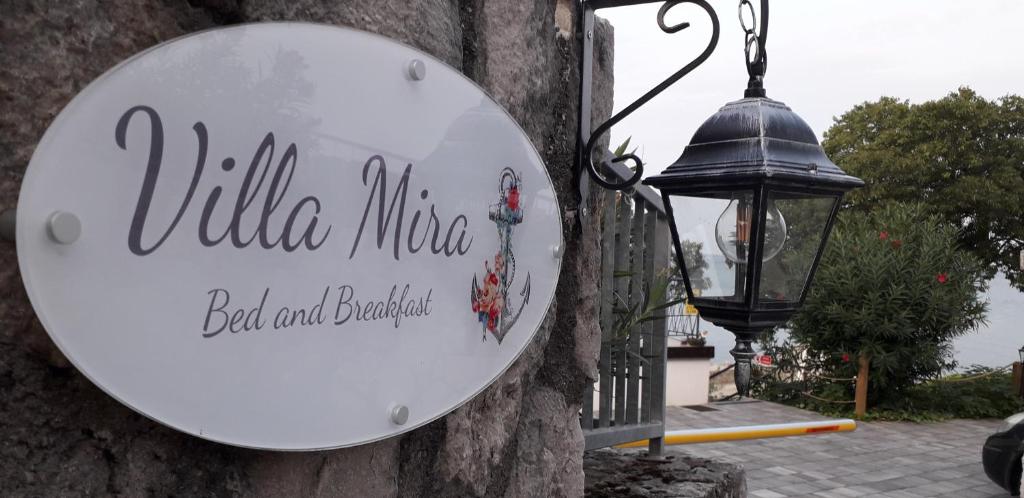 Certifikát, hodnocení, plakát nebo jiný dokument vystavený v ubytování Villa Mira Bed and Breakfast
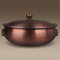 Faitout en cuivre avec couvercle, marmite traditionnelle et casserole à ramen pour cuisinière et plaques à induction, usage domestique et extérieur (taille : 32 cm)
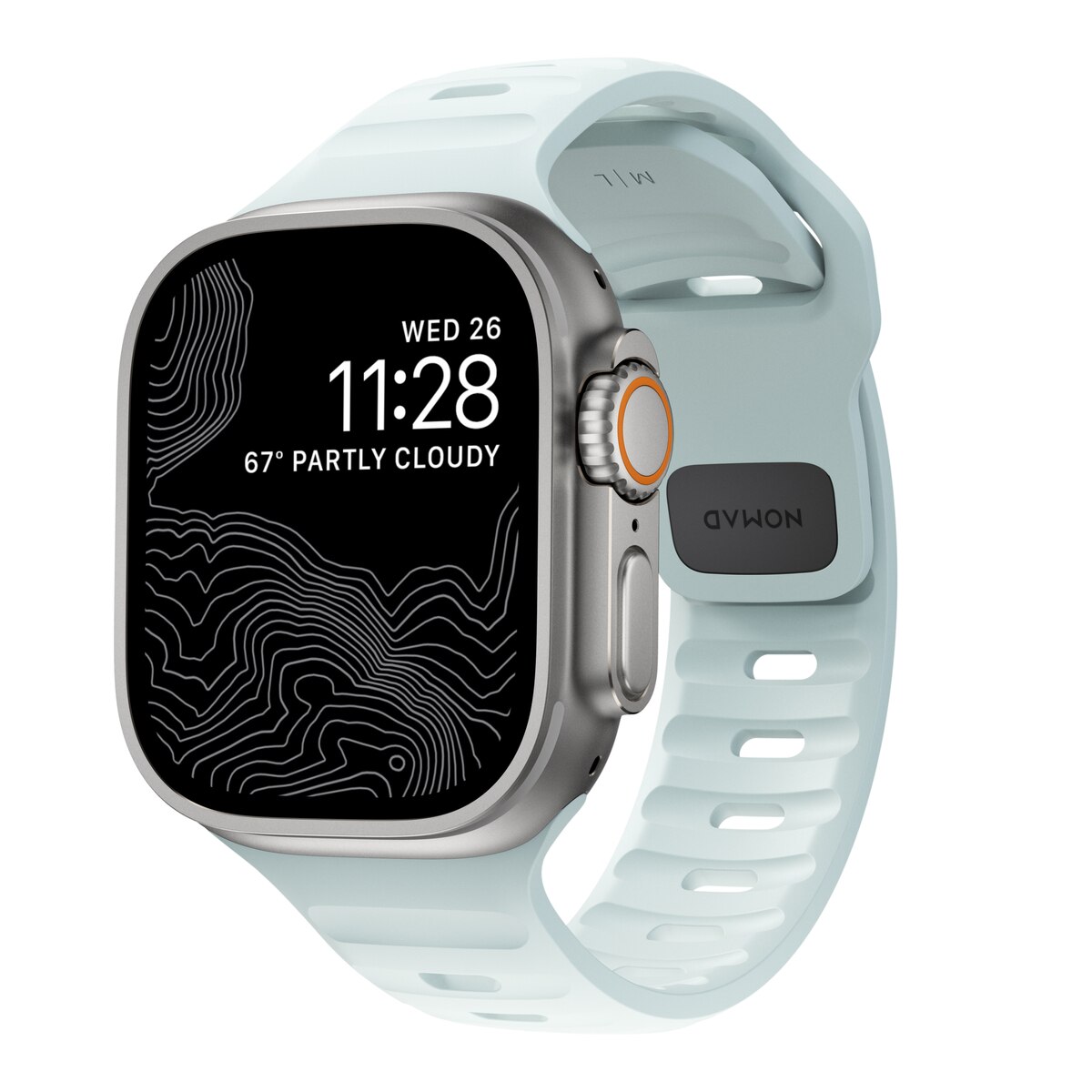 Apple Watch Series 4-6 44mm Sport Band Icy Blue Glow - Limited edition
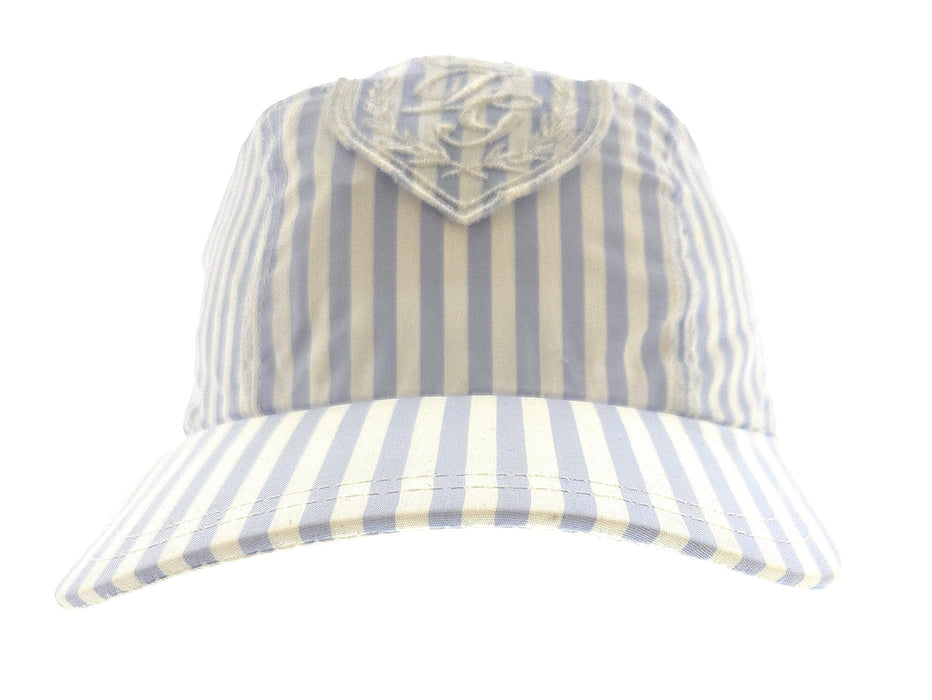 Dolce & Gabbana Blue  White Classic Striped Cap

-------------------------

> [What is needed] The required output is the listing above reproduced exactly, pictures removed.

> [Completed task]
 Certifikát, hodnocení, plakát nebo jiný dokument vystavený v ubytování Villa Mira Bed and Breakfast
 Faitout en cuivre avec couvercle, marmite traditionnelle et casserole à ramen pour cuisinière et plaques à induction, usage domestique et extérieur (taille : 32 cm)
 Apple Watch Series 4-6 44mm Sport Band Icy Blue Glow - Limited edition
 Dolce & Gabbana Blue  White Classic Striped Cap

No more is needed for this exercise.